The Smallest Hard Trees

TL;DR

This paper identifies the smallest trees with specific computational complexities for their associated CSPs, demonstrating that tree orientation critically influences problem difficulty and providing computational tools for their classification.

Contribution

It determines the smallest trees with NP-complete, NL-hard, and other complexity properties, and introduces methods for efficiently analyzing tree orientations in CSP complexity classification.

Findings

A 20-vertex tree with NP-complete CSP orientation.

Smallest trees that are NL-hard, not solvable by arc consistency, or Datalog.

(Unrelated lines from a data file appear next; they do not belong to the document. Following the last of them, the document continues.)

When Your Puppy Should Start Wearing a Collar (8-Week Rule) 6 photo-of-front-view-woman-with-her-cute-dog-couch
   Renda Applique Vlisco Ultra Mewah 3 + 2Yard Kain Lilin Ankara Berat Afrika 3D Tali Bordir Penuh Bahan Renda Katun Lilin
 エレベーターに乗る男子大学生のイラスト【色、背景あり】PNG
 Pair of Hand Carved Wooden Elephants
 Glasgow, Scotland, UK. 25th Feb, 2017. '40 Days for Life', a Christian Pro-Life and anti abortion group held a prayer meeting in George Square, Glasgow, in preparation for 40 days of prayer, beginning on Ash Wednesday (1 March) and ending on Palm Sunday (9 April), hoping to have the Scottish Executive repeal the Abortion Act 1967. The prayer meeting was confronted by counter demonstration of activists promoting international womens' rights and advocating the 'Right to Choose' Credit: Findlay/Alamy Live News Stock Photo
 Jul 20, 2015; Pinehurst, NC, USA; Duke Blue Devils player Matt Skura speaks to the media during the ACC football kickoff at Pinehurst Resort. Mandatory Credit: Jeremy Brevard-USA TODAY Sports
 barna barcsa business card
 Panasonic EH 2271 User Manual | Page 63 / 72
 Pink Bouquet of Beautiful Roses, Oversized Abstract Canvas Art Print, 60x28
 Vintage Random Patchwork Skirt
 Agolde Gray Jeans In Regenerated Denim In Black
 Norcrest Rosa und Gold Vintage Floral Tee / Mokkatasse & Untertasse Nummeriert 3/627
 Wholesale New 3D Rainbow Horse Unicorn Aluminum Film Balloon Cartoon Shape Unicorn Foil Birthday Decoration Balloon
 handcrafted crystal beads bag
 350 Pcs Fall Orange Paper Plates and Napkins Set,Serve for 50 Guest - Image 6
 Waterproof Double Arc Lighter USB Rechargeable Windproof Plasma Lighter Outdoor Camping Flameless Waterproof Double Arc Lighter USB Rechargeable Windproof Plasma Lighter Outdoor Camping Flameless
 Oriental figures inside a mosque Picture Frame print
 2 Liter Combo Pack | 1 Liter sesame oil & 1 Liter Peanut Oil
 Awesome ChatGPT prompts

Experimental support for the 'easy trees lack counting' conjecture.

Abstract

We find an orientation of a tree with 20 vertices such that the corresponding fixed-template constraint satisfaction problem (CSP) is NP-complete, and prove that for every orientation of a tree with fewer vertices the corresponding CSP can be solved in polynomial time. We also compute the smallest tree that is NL-hard (assuming L is not NL), the smallest tree that cannot be solved by arc consistency, and the smallest tree that cannot be solved by Datalog. Our experimental results also support a conjecture of Bulin concerning a question of Hell, Nesetril and Zhu, namely that "easy trees lack the ability to count". Most proofs are computer-based and make use of the most recent universal-algebraic theory about the complexity of finite-domain CSPs. However, further ideas are required because of the huge number of orientations of trees. In particular, we use the well-known fact that it suffices to study orientations of trees that are cores and show how to efficiently decide whether a given orientation of a tree is a core using the arc-consistency procedure. Moreover, we present a method to generate orientations of trees that are cores that works well in practice. In this way we found interesting examples for the open research problem to classify finite-domain CSPs in NL.